**Work order:** Copy exactly the stretch of data below from the line with "Electra Go! Dual Leg Adjustable Kickstand" through the line with "Фото #4 товара", including both of those lines.

##############################

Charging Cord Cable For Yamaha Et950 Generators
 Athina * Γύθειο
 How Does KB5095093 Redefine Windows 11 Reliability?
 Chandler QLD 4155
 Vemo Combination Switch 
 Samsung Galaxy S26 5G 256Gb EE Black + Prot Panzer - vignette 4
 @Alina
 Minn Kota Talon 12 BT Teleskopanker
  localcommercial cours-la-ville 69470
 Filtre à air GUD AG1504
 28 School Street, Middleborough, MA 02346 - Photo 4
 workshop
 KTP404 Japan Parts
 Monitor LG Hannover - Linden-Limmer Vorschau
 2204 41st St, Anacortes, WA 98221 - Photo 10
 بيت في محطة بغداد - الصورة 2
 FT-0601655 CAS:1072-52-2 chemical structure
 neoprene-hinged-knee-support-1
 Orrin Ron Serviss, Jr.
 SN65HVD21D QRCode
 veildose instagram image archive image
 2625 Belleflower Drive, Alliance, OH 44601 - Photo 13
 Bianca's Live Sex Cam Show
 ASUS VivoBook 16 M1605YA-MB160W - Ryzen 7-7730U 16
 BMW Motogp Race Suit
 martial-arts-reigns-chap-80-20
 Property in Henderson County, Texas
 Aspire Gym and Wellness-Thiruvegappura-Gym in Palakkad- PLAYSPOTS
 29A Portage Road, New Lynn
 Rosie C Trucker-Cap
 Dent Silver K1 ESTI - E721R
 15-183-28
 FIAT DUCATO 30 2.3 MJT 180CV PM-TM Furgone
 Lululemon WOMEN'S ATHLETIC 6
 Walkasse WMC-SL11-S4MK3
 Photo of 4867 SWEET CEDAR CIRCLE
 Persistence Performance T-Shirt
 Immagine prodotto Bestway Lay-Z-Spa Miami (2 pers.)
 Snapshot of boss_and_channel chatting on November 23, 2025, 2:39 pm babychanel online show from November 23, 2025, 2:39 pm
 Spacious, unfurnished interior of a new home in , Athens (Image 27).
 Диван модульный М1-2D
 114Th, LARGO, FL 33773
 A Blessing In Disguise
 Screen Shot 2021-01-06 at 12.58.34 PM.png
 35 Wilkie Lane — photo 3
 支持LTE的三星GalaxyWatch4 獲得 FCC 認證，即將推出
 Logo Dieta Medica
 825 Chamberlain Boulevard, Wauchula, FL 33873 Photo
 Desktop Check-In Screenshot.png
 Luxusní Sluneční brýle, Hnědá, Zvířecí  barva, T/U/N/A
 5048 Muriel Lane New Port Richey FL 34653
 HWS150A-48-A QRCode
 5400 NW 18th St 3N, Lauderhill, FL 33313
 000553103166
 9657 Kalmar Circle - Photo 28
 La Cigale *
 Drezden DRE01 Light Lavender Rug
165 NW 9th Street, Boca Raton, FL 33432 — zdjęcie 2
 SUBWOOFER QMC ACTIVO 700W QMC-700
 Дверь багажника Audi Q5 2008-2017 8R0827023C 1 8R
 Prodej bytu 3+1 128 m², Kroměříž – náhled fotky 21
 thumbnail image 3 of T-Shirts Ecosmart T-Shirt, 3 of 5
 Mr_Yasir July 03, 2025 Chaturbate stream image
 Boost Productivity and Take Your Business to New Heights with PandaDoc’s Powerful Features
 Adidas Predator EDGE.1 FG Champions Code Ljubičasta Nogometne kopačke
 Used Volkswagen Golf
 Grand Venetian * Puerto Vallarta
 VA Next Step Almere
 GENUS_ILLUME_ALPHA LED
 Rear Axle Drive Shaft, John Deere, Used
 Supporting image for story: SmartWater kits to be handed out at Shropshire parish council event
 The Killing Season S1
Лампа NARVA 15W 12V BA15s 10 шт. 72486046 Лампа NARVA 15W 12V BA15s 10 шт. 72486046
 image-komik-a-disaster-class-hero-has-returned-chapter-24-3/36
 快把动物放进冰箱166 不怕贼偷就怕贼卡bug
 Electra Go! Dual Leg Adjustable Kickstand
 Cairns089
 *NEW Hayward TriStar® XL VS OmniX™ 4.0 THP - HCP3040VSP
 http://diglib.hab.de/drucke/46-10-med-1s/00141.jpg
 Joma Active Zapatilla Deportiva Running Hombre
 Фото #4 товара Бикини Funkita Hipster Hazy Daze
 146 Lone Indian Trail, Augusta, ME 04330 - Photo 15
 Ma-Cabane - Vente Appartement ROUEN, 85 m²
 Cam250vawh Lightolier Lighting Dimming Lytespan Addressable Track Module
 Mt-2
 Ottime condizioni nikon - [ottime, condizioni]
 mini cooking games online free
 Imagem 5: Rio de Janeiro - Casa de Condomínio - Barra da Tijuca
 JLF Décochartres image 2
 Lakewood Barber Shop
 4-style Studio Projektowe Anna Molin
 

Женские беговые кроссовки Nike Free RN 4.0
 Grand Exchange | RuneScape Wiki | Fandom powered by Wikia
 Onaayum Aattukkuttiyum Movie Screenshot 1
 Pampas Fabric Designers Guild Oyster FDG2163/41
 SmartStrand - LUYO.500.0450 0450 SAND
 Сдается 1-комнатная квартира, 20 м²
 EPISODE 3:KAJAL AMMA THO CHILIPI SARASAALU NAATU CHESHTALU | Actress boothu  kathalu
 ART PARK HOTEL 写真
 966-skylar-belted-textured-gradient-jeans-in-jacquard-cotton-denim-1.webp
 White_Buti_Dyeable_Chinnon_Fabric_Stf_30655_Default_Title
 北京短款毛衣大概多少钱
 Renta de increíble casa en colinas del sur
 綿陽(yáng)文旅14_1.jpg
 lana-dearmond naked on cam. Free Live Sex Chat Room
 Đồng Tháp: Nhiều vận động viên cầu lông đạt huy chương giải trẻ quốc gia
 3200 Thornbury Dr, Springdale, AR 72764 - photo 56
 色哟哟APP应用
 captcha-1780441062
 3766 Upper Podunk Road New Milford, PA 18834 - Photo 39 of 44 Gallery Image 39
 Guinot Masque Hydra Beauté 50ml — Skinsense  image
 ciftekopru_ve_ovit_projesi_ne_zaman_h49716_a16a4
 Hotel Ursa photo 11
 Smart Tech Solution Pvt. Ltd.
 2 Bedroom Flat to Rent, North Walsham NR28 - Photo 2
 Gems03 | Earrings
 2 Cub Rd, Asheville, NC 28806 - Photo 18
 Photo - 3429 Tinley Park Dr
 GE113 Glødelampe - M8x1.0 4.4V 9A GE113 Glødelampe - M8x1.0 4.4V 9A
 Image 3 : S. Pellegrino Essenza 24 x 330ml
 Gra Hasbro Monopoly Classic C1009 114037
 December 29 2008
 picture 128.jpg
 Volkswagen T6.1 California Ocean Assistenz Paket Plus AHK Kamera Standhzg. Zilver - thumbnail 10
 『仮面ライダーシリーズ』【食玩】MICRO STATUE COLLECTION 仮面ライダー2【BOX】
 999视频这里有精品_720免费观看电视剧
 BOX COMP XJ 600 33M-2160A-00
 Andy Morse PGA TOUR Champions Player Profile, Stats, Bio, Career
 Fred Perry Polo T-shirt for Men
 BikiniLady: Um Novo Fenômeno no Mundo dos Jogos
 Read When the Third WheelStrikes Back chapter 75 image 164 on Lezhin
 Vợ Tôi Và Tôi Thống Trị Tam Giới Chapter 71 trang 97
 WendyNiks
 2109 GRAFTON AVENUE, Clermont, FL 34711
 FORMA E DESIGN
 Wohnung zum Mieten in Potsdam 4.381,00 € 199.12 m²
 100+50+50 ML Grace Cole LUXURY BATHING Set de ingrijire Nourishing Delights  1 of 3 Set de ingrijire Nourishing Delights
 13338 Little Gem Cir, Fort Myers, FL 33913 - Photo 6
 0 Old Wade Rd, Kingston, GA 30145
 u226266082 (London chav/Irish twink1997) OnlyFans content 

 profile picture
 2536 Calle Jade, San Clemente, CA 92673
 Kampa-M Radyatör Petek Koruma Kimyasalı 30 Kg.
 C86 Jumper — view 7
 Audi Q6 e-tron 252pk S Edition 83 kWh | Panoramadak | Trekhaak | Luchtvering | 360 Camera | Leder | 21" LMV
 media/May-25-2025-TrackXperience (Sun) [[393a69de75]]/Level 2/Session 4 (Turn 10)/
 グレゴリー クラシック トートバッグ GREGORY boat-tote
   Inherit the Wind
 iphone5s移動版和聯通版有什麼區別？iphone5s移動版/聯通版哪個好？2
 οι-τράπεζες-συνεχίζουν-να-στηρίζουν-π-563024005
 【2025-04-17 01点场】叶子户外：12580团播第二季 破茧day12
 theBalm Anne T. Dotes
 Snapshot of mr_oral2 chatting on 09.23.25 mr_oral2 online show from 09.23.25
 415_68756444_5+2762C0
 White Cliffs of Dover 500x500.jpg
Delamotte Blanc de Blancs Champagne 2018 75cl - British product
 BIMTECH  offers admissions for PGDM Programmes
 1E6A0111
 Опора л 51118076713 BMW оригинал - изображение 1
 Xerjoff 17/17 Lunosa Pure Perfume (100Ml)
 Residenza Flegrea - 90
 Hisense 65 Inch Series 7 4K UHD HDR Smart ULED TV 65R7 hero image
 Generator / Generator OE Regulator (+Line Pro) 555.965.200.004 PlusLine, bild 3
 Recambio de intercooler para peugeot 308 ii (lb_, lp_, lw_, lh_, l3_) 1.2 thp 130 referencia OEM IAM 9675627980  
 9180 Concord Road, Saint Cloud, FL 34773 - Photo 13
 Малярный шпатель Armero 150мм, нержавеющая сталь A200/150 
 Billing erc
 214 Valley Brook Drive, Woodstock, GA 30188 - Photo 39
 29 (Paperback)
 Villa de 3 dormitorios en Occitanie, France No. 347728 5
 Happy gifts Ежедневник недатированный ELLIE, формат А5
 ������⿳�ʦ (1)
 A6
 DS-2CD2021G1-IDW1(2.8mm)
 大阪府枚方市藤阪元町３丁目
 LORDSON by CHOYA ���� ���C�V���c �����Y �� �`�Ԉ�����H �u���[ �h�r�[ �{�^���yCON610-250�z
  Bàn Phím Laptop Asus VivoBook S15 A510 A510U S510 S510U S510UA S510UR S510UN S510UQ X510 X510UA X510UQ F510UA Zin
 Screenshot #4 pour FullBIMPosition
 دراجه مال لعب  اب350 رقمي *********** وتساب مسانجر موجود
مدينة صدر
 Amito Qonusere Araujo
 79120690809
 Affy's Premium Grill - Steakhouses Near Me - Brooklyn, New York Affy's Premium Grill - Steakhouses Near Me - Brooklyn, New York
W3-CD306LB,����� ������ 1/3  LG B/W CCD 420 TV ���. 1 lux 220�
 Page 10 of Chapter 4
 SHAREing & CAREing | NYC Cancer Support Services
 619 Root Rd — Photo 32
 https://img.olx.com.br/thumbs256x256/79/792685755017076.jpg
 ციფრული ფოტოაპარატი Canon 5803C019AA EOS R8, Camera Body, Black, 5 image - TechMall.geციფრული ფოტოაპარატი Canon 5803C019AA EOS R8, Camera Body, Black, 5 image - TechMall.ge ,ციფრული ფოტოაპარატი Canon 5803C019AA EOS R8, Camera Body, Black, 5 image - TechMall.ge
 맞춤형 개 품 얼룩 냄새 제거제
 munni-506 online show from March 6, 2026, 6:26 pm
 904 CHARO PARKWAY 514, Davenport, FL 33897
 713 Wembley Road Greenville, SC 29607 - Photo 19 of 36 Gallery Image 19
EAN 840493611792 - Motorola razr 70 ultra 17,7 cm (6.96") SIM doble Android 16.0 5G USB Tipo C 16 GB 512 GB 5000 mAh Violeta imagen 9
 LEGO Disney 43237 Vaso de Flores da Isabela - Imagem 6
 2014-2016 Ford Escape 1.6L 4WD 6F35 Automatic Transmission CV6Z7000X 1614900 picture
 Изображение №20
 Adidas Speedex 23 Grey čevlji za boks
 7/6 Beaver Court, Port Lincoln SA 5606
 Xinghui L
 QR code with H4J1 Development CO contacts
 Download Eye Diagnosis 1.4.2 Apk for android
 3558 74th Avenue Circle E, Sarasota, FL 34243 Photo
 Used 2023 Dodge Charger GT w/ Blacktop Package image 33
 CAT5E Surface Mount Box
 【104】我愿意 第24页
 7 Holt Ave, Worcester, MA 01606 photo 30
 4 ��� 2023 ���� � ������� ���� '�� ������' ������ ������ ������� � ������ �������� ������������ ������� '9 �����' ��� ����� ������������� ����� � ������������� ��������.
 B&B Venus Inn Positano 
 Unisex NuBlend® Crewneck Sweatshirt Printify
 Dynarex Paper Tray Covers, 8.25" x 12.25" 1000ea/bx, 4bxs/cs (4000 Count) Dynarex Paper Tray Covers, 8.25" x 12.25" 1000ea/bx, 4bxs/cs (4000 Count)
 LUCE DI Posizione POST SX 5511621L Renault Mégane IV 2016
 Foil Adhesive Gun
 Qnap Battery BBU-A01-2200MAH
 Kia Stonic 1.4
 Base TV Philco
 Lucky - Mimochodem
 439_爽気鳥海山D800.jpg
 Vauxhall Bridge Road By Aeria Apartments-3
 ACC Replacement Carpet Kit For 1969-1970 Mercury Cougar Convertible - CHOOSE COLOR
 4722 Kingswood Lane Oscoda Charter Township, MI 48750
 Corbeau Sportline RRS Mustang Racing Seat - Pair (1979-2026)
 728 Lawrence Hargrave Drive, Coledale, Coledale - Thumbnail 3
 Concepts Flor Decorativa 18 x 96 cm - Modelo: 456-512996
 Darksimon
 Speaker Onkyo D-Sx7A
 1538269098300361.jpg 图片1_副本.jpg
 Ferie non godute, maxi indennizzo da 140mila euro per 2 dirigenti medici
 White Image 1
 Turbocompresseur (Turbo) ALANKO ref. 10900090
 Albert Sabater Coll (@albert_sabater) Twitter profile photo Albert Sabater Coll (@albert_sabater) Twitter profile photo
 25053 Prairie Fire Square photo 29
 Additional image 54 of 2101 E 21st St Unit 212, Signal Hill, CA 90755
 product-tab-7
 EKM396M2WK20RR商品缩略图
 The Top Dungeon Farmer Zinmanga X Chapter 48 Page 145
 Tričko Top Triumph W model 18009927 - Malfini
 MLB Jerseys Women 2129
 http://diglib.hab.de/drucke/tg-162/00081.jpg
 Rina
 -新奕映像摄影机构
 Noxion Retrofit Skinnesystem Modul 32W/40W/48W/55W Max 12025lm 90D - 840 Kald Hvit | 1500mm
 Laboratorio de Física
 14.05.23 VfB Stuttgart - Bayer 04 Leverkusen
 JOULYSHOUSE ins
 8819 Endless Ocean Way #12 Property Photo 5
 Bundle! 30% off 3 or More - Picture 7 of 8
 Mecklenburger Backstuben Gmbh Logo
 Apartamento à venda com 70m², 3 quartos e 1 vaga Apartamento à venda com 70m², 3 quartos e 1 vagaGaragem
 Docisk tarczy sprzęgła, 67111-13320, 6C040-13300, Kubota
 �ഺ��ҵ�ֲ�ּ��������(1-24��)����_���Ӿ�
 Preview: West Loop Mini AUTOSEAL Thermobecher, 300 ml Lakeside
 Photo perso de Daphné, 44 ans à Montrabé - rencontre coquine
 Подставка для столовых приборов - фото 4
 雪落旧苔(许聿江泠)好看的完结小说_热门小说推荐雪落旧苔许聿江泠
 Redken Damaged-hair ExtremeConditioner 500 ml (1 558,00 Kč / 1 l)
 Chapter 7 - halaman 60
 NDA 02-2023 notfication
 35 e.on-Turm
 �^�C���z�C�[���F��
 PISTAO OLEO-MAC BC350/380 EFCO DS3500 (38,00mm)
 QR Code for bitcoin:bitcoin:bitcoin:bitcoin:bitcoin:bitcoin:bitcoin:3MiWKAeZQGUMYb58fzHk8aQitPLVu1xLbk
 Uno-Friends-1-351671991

##############################

**Answer section:**
 Electra Go! Dual Leg Adjustable Kickstand
 Cairns089
 *NEW Hayward TriStar® XL VS OmniX™ 4.0 THP - HCP3040VSP
 http://diglib.hab.de/drucke/46-10-med-1s/00141.jpg
 Joma Active Zapatilla Deportiva Running Hombre
 Фото #4 товара Бикини Funkita Hipster Hazy Daze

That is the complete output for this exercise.